Notre pays a eu, la semaine dernière son matin d’ignorance des demandes sociales des si bruyants enseignants. Le Chef de l’Etat a dit : « Je ne sais pas ». Il en savait pas que des corps de l’enseignement percevaient leurs émoluments avec un si grand retard. Sait-il que les ménagères attendent toujours que soit garni leur panier à la faveur d’un gros décalage de coût entre le pays de « Wade sait tout » et Macky Je ne sais pas » ? Sait-il que les paisibles citoyens guettent les matins et soirs de quiétude afin de jouir, sans tomber sous le coup de la machette, des fruits de leur labeur ? Sait-il que les campagnes sont indifférentes aux combinaisons de salons feutrés au moment où le ventre entonne l’hymne au bonheur de manger et de boire ? Sait-il que ses compatriotes n’ont pas le commerce facile avec la paix de l’âme, peinant à rendre les honneurs à « thiéboudieune » et en recevoir autant de leurs enfants agris par les longs jours passés à attendre le miracle promis par le vent de février-mars 2012 ? Tout ça pour un ‘’Je ne sais pas’’ ? 

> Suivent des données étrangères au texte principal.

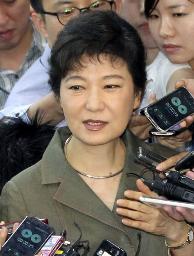 韓国大統領候補に女性の朴槿恵氏 与党セヌリ党、得票８割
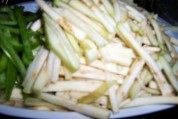 家常菜鱼香茄丝做法图解2)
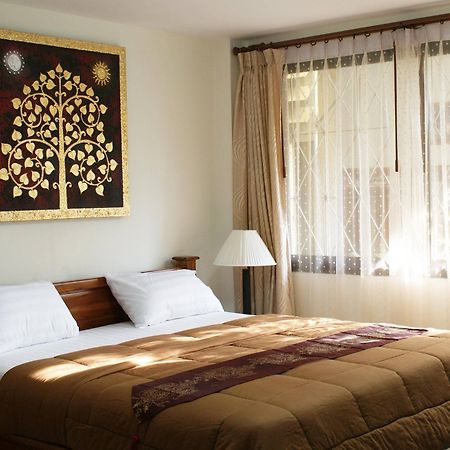 Tara Bed And Breakfast Kanchanaburi Buitenkant foto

Non, du respect pour la République ! Ne dites surtout pas « xaxataay show » pour fixer sur l’écran de votre laptop l’ambiance rigolote dans ce pays. Demandez à votre âme de risquer un rire intérieur et passez… Mackyland est bien né, avec une bénédiction publique pesant 65% des prières de toute la Nation décidée à confier à Sall le soin de ses cinq anniversaires à venir. Et ce peuple veut être à la fête, plus que le béton armé qui habite ses rues et ses campagnes sous le générique des « Grands Travaux ». Les oracles citoyens ont eu une vision biblique. Dans un espace adossé à la mer, entre la bouillante Sandaga et Dantec l’asile des indigents debout au-dessus de la canne de l’espoir, Soweto a son autre martyr. A plusieurs milliers de kilomètres de distance et avec quelques décennies de recul, l’Avenue Mandela de Dakar est la jumelle de Freedom Square de Soweto, la Sud-Africaine. Là-bas, le 16 juin 1976, des jeunes ont consenti le sacrifice suprême alors qu’ils refusaient l’afrikaans, la langue de l’Apartheid, comme support d’apprentissage. Hector Pieterson est le jeune écolier tué et porté dans ses bras par un condisciple alors qu’à ses côtés, une jeune fille pleure à chaudes larmes. Il a eu droit à un mémorial. 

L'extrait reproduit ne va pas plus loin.